Our revenue, profitability and future growth depend not only on our ability to execute our business plan, but also, the growth of the paid-search market and our ability to effectively compete with other providers of local, and paid-search technologies and services among other things.

As we continue to diversify our technologies and traffic sources, we remain focused on local media offerings that will improve the experience for our end users, enable our SMBs to better reach their potential customers, and allow our regional media network partners to enhance their service offerings and lower their costs. While we are still very focused on the local search industry, we believe there are additional opportunities in local media that we and our customers can benefit from, while diversifying our revenue sources. We intend to continue making significant investments in initiatives to diversify our revenue sources and promote our future growth.

As we continue to invest in our core offerings, while pursuing the acquisitions noted above, we have increased our operating expenses, mainly related to traffic acquisition costs, the deployment of new features and functionality across our business and the support of our acquired companies.
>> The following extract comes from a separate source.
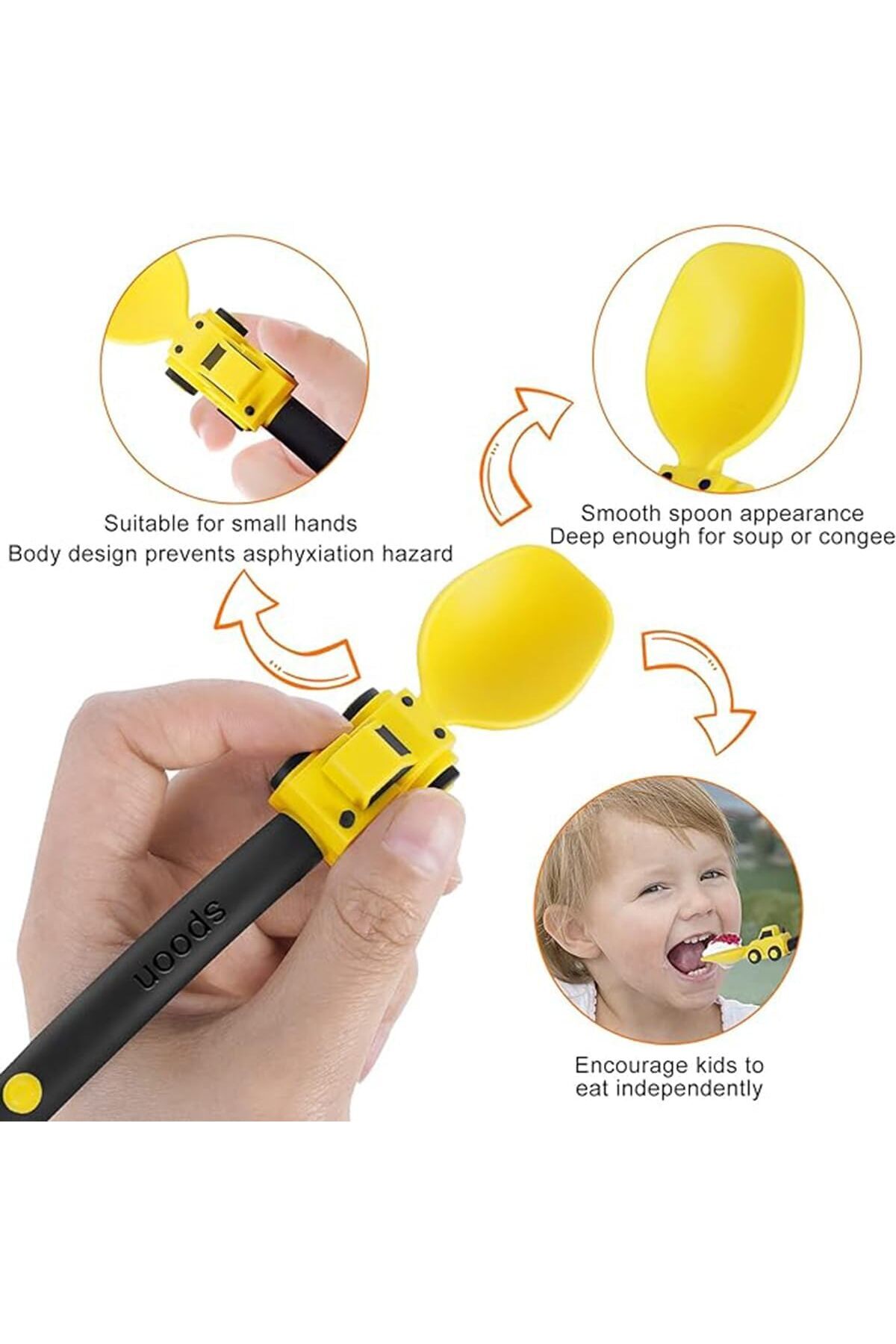 COOYA-Portable Toddler Utensils Set, Toddler Forks and Spoons, Yellow Fork & Orang Knife 4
We cannot give assurances that our efforts to improve our results of operations through this strategy will be successful.
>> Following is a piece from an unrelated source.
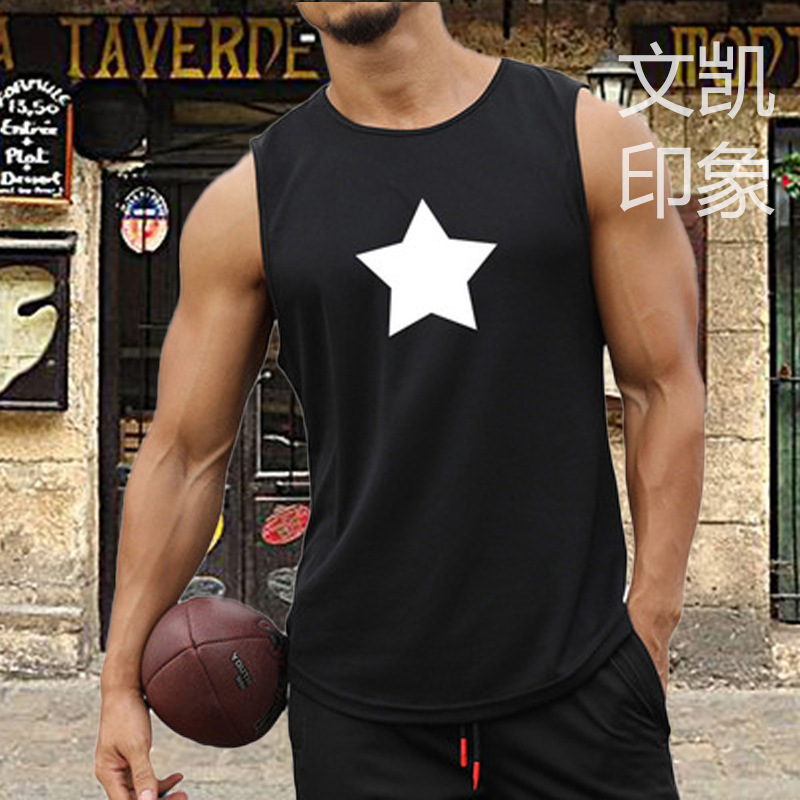 summer new svels vt casual loose large fashion personalized five pointed star print t-shirt vt, Gray 
summer new svels vt casual loose large fashion personalized five pointed star print t-shirt vt, Gray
Sources of Revenue We generate revenue primarily on our Consumer Properties from both direct and indirect advertiser relationships, via: • click-throughs on sponsored listings; • calls to cost-per-call advertiser listings; • lead generation; • banner ads; • subscription advertiser listings; • domain sales and services; • web hosting services; and • daily deal offerings.

Operating Expenses Cost of Revenues Cost of revenues consists of traffic acquisition costs, revenue sharing payments that we make to our network partners, and other cost of revenues. Traffic acquisition costs consist primarily of campaign costs associated with driving consumers to our Local.com website, including personnel costs associated with managing traffic acquisition programs. Other cost of revenues consists of Internet connectivity costs, data center costs, amortization of certain software license fees and maintenance, depreciation of computer equipment used in providing our paid-search services, and payment processing fees (credit cards and fees for LEC billings). We advertise on large search engine websites such as Google, Yahoo!, MSN/Bing and Ask.com, as well as other search engine websites, by bidding on certain keywords we believe will drive traffic to our Local.com website. During the three and nine months ended September 30, 2012, approximately 61% and 62%, of our overall traffic was purchased from other search engine websites. During the three and nine months ended September 30, 2012, advertising 20 -------------------------------------------------------------------------------- Table of Contents costs to drive consumers to our Local.com website were $15.2 million and $46.4 million respectively. Of the total advertising cost for the three and nine months ended September 30, 2012, $10.3 million and $32.1 million were attributable to Google, Inc. and $4.3 million and $12.7 million were attributable to Yahoo!, respectively. During the three and nine months ended September 30, 2011, approximately 68% and 66% respectively, of our overall traffic was purchased from other search engine websites. During the three and nine months ended September 30, 2011, advertising costs to drive consumers to our Local.com website were $9.4 million and $25.0 million respectively. Of the total advertising cost for the three and nine months ended September 30, 2011, $6.6 million and $18.4 million were attributable to Google, Inc. and $1.3 million and $4.1 million were attributable to Yahoo!, respectively.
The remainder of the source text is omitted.